YOUR BABY'S FIRST WORD WILL BE DADA

A succession of animal dads do their best to teach their young to say “Dada” in this picture-book vehicle for Fallon.

A grumpy bull says, “DADA!”; his calf moos back. A sad-looking ram insists, “DADA!”; his lamb baas back. A duck, a bee, a dog, a rabbit, a cat, a mouse, a donkey, a pig, a frog, a rooster, and a horse all fail similarly, spread by spread. A final two-spread sequence finds all of the animals arrayed across the pages, dads on the verso and children on the recto.

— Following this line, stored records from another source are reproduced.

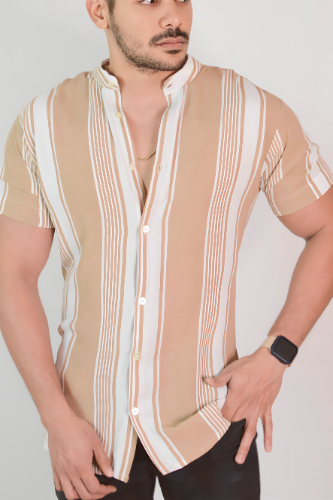 CAMISA BLANCA R/MARRON
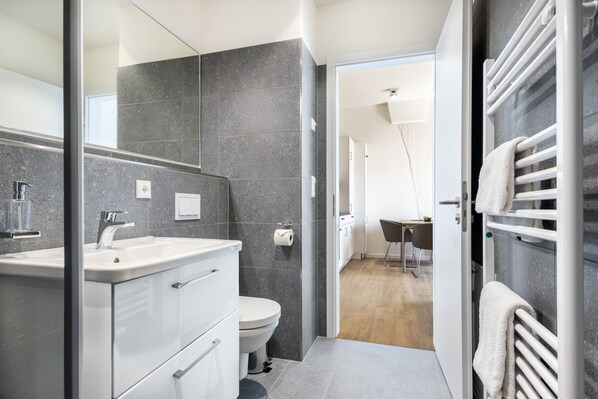 Dusche, Haartrockner, Handtücher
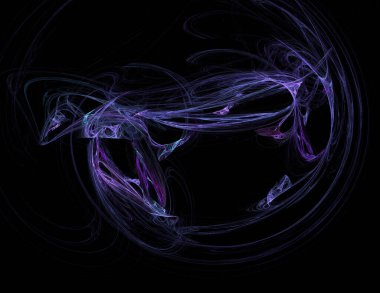 Siyah Renk Üzerine Bir Dijital Fraktal Resmi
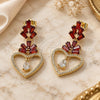 Oro Laminado Long Earring, Gold Filled Style Heart and Baguette Design, with Garnet Cubic Zirconia and White Micro Pave, Polished, Golden Finish, 02.282.0105.1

All the text prior to this point has been either iterations of “Dada” or animal sounds in dialogue bubbles; here, narrative text states, “Now everybody get in line, let’s say it together one more time….” Upon the turn of the page, the animal dads gaze round-eyed as their young across the gutter all cry, “DADA!” (except the duckling, who says, “quack”). Ordóñez's illustrations have a bland, digital look, compositions hardly varying with the characters, although the pastel-colored backgrounds change. The punch line fails from a design standpoint, as the sudden, single-bubble chorus of “DADA” appears to be emanating from background features rather than the baby animals’ mouths (only some of which, on close inspection, appear to be open). It also fails to be funny.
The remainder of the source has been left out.